In a very real sense, they were experiencing withdrawal symptoms from their former life. Leaving their slavery mentality behind meant making many new changes for people who had no idea what to do or how to do it. So they grumbled and resisted the leadership of Moses because they couldn’t drink this bitter water.
Many of them had unrealistic expectations of what it would be like to follow God. They didn’t like feeling down and thirsty after the rollercoaster high of the Red Sea. Maybe they expected God to do some new amazing thing to prove that he still loved them and to renew that emotional high point for them.
But God began their wilderness healing right there at Marah. As a trustworthy parent, he provided for their need for water, but he didn’t yield to their perceived need for the thrills, chills and vibrations of another Red Sea miracle.
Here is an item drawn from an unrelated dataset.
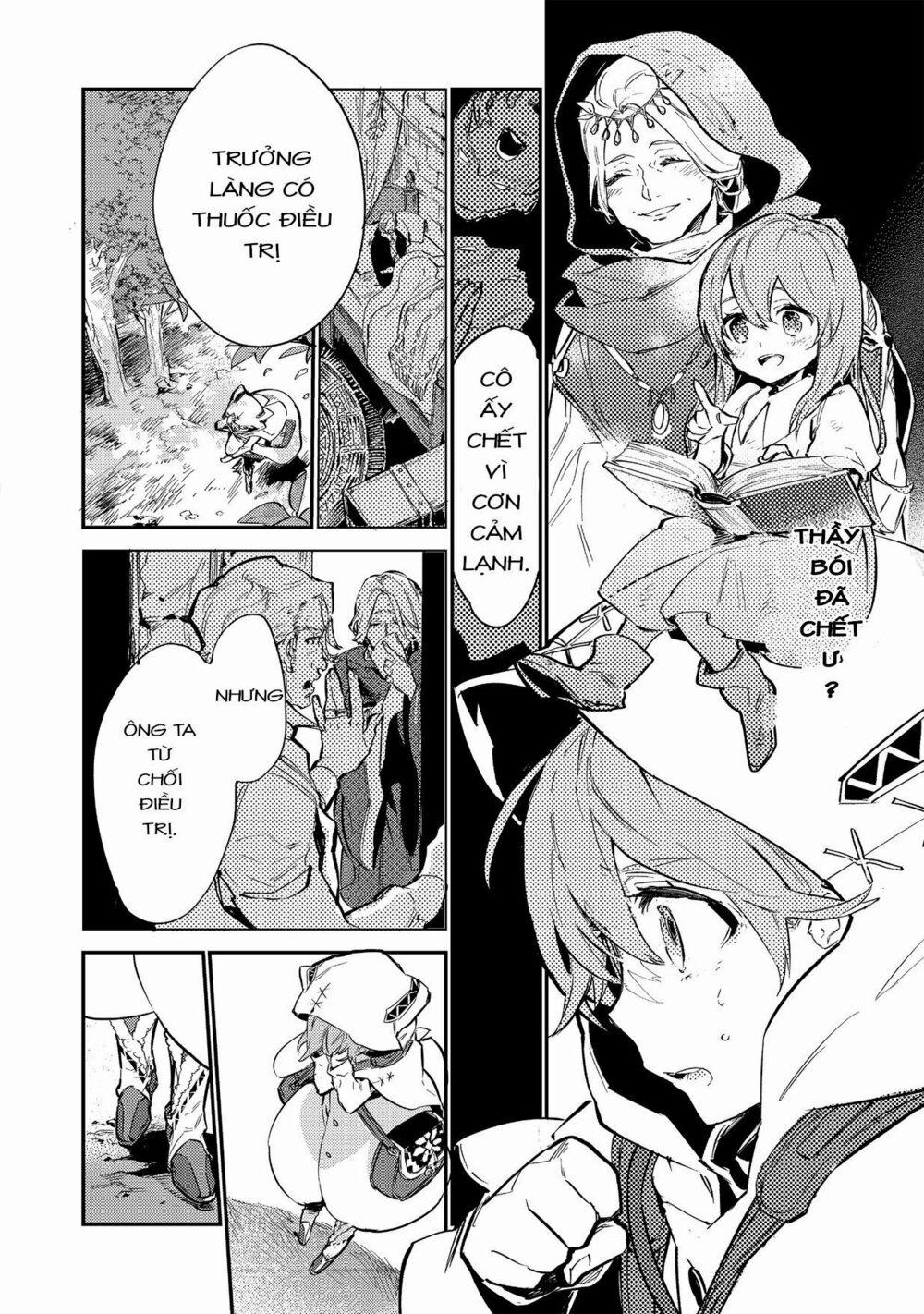 Saijaku Teima Wa Gomi Hiroi No Tabi O Hajimemashita 1 trang 23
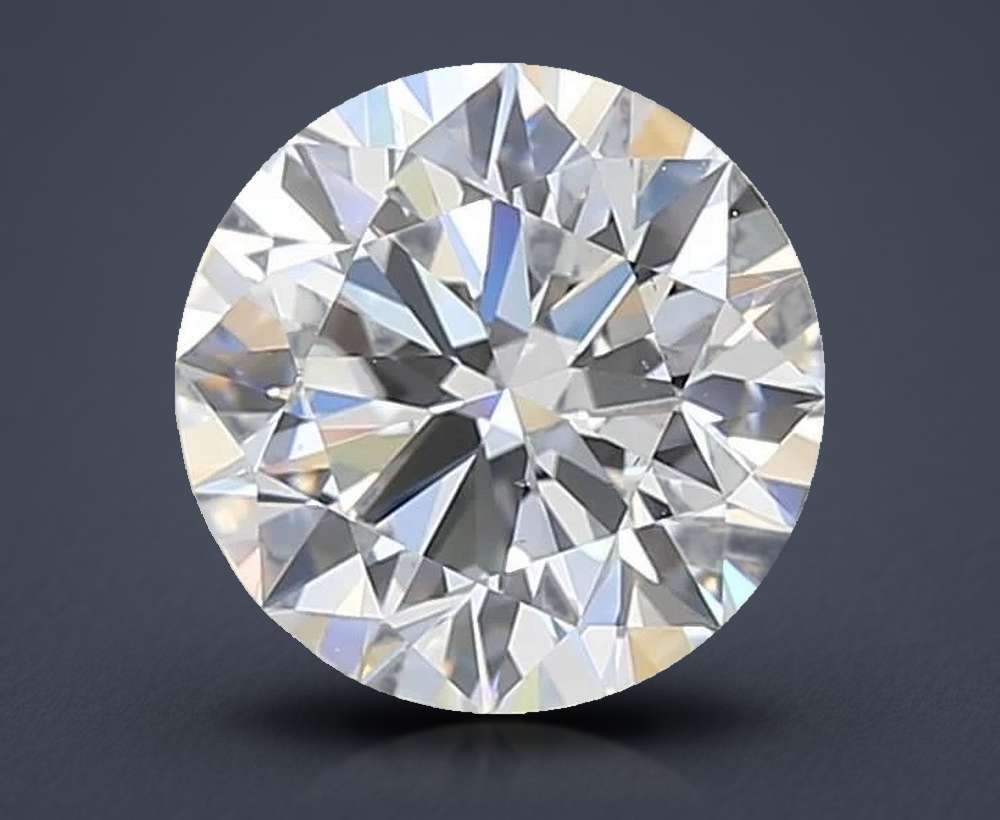 1.85 Carat Round Lab Diamond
To avoid those emotional roller coasters, learn to look for God in the small things, the ordinary things of life. He doesn’t always answer with dramatic waterworks. Sometimes it’s the small pieces of wood, those seemingly insignificant, every-day things, that have the healing properties to make the bitter experiences of your life sweet and bearable again.
What everyday circumstances, events or people has God placed around you to help you heal and live a Christian life? Rather than giving up in discouragement when you hit an emotional low after a breath-taking high, start looking for him in the small things. He’s always there if our expectations don’t blind us to his presence.
Learn to know him in the small, every-day experiences of your life!